Suppose we have a random vector $\textbf{x}\subset \mathbb{R}^n$ with known probabilistic characteristics. We want to find a $\theta$ which makes the vector $z=H\theta$ as close as possible to $\textbf{x}$ where $H\in\mathbb{R}^{n\times p}$ is a full rank matrix with $p<n$ and $\theta\in\mathbb{R}^{p\times 1}$.

One can find the desired $\theta$ by writing the least square errors as $$J(\theta)=(\textbf{x}-H\theta)^T(\textbf{x}-H\theta)$$ The answer for the best $\theta$ which minimizes the above norm is

$$\hat\theta=(H^TH)^{-1}H^T\textbf{x}$$

which means the best $\theta$ is the one that makes orthogonal projection of $\textbf{x}$ onto the subspace spanned by $H$.

However, the weighted form of the error can be written as $$J(\theta)=(\textbf{x}-H\theta)^TW(\textbf{x}-H\theta)$$ If $W$ is a positive definite matrix, by substituting $W=LL^T$ (Cholescky decompostion) the above can be written as $$J(\theta)=(L\textbf{x}-LH\theta)^T(L\textbf{x}-LH\theta)$$ Having the above notion in mind, and letting $y=L\textbf{x}$ one can say, the best $\theta$ is the one that makes orthogonal projection of $y$ onto the subspace spanned by $LH$.

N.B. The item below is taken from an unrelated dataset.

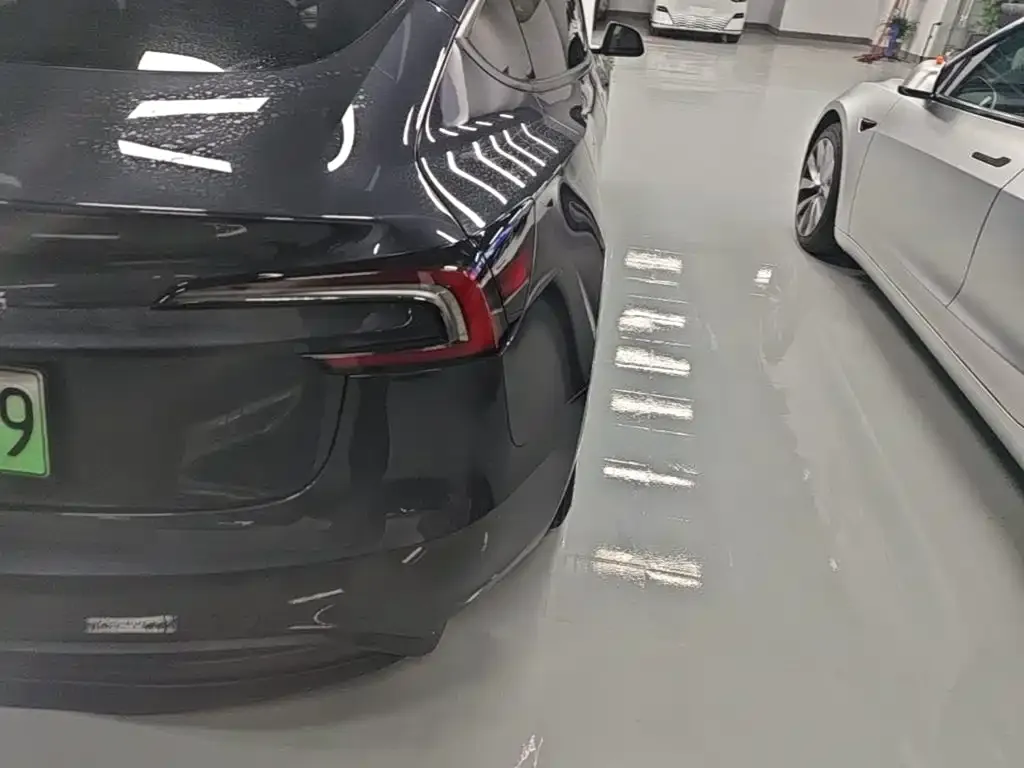Tesla Model 3 — фото 10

The last step means we have a subspace spanned by $H$ but to find the least error we change the subspace to Range($LH$) and our measurement to $L\textbf{x}$ and try to find the orthogonal projection of new measurement onto the new subspace.

Why do we change our subspace to new subspace?

What is the best $W$ or $L$?

Does this change relate to data shape?